Thank goodness for professional atheist Richard Dawkins. Like God, if he didn't exist we'd have to invent him.
According to Michael Deacon, Dawkins is helping inaugurate a kids' summer camp. For atheists.
Professor Richard Dawkins, the author of The God Delusion, is helping to launch Britain's first summer camp for young atheists. At Camp Quest UK, children aged eight to 17 will be given lessons in evolution and rational scepticism.
As if. As if children aged eight to 17 are not already getting lessons in evolution and rational skepticism 24-7 from their government schools, from the liberal media, from the hedonistic culture!
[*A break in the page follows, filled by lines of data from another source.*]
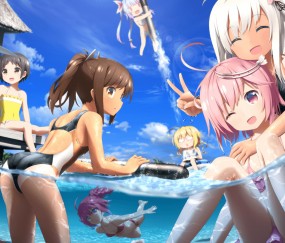 8左右卵泡（左右卵泡5个正常吗）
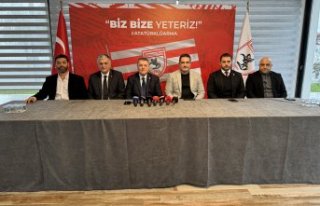 Samsunspor, yoluna rehavete kapılmadan devam etmek...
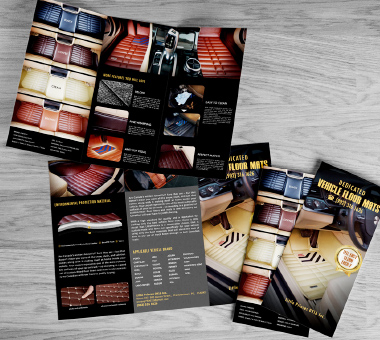 Brochure & Menu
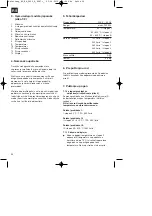 Предварительный просмотр 26 страницы EINHELL 45.201.90 Original Operating Instructions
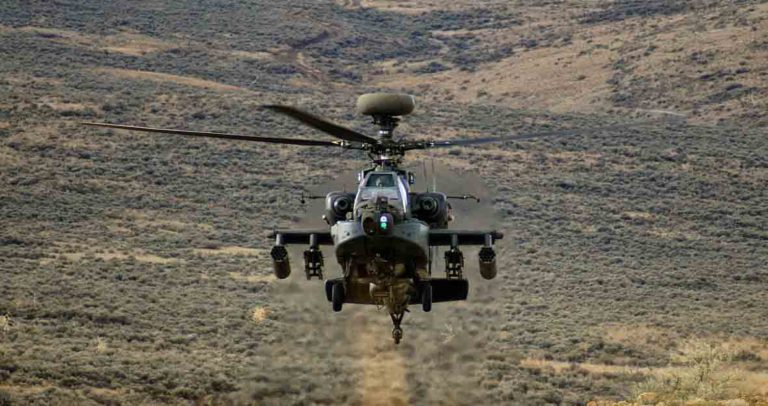 Indonesia Berharap MoU Apache Segera Diteken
Actually, more fun than the article are the comments, a slug-fest between folks stuck in the Reformation and folks stuck in the French Revolution.
Not that there's anything wrong with that.
But what the atheists miss, I suspect, is that the idea of summer Bible camp that they want to compete with is to get kids out of the me-me-me culture of daily life and think a little about the higher things.
As Charles Taylor, the center-left Catholic philosopher might say: There seems to be a universal human need for something other than ordinary human flourishing. You can call that something the Higher Things, God, Genuine Democracy, Peace and Justice, the Non-dual, or even the Good, the True, and the Beautiful.
But I'd say that there is something to life other than evolution and rational skepticism.
The problem is that the "something other" presents itself as an irreducible mystery, a riddle wrapped in an enigma. And so people tend to argue about it.